(Records from a collection)

= Beginning of Section =

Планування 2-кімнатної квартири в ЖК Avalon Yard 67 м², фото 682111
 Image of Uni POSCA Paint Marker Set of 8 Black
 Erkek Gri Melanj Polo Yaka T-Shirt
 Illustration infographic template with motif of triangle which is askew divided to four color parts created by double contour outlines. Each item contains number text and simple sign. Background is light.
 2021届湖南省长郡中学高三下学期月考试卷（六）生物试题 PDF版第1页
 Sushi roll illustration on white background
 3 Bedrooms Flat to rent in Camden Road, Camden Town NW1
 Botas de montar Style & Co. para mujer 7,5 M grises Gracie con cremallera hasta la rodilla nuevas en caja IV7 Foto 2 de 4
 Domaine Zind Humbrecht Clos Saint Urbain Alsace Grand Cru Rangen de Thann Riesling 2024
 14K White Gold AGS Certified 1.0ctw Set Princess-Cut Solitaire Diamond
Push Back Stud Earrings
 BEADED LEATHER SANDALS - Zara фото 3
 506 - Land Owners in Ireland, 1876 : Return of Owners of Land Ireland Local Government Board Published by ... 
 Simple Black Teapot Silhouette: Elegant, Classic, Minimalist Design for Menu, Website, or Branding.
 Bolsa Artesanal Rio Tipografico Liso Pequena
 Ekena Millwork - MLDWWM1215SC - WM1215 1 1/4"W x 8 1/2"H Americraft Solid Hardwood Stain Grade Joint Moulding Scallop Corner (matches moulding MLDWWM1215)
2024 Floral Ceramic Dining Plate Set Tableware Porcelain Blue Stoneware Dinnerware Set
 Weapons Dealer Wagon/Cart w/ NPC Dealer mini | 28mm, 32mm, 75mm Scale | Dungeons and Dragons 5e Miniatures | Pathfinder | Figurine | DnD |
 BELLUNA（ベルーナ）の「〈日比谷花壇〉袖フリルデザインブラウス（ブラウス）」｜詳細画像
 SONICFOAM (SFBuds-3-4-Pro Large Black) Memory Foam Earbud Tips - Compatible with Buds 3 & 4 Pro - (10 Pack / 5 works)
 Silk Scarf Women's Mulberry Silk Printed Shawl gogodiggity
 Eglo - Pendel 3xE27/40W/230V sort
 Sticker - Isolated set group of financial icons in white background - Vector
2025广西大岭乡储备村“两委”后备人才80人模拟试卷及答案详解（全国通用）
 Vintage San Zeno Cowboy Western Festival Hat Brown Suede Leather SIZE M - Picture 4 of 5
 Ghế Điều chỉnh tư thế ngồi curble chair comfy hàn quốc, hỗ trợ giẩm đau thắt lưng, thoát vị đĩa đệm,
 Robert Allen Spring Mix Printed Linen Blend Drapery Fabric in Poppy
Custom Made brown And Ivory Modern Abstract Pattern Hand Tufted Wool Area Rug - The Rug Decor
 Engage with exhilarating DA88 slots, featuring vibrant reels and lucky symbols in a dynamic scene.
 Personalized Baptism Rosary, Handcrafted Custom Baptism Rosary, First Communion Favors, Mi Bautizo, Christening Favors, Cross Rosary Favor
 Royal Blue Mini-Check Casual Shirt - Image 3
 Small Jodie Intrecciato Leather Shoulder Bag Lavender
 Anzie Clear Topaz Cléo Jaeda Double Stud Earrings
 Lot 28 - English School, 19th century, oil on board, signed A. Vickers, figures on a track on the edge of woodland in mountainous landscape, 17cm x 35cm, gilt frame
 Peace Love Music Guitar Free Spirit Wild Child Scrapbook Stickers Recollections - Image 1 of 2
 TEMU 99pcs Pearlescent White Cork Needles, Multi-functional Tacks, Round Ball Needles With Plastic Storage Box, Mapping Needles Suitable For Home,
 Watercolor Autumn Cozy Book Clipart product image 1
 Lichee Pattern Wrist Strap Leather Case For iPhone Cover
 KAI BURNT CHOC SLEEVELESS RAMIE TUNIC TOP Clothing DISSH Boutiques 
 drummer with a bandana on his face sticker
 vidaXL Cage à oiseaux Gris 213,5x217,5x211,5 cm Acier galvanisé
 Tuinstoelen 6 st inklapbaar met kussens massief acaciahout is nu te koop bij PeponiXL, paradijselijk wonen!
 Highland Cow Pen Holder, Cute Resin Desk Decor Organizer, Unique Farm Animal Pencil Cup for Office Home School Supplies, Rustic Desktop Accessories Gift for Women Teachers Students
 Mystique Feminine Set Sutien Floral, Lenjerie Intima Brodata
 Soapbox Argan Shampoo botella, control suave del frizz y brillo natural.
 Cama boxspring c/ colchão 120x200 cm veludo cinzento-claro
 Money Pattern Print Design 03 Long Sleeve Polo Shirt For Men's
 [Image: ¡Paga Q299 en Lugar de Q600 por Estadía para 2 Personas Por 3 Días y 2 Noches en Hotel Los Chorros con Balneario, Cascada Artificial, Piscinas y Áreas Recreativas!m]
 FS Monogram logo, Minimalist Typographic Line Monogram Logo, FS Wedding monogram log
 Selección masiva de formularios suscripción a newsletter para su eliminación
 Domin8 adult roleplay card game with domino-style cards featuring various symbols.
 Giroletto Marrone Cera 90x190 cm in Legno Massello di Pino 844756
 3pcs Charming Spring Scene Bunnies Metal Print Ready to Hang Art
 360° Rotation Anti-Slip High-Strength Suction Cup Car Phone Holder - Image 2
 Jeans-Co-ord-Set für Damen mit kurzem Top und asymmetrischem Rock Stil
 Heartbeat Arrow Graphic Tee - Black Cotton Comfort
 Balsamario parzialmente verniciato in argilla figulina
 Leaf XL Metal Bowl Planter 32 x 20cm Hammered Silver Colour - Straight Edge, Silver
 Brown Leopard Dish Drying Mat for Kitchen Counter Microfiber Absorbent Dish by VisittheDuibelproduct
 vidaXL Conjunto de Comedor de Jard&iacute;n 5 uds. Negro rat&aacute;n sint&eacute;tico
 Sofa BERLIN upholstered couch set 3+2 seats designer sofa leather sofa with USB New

= End of Section =

### Problem requirements
Above are the lines; repeat exactly the ones from the line containing "Tuinstoelen 6 st" down to the line containing "Giroletto Marrone Cera", both inclusive.

### Result of this task
 Tuinstoelen 6 st inklapbaar met kussens massief acaciahout is nu te koop bij PeponiXL, paradijselijk wonen!
 Highland Cow Pen Holder, Cute Resin Desk Decor Organizer, Unique Farm Animal Pencil Cup for Office Home School Supplies, Rustic Desktop Accessories Gift for Women Teachers Students
 Mystique Feminine Set Sutien Floral, Lenjerie Intima Brodata
 Soapbox Argan Shampoo botella, control suave del frizz y brillo natural.
 Cama boxspring c/ colchão 120x200 cm veludo cinzento-claro
 Money Pattern Print Design 03 Long Sleeve Polo Shirt For Men's
 [Image: ¡Paga Q299 en Lugar de Q600 por Estadía para 2 Personas Por 3 Días y 2 Noches en Hotel Los Chorros con Balneario, Cascada Artificial, Piscinas y Áreas Recreativas!m]
 FS Monogram logo, Minimalist Typographic Line Monogram Logo, FS Wedding monogram log
 Selección masiva de formularios suscripción a newsletter para su eliminación
 Domin8 adult roleplay card game with domino-style cards featuring various symbols.
 Giroletto Marrone Cera 90x190 cm in Legno Massello di Pino 844756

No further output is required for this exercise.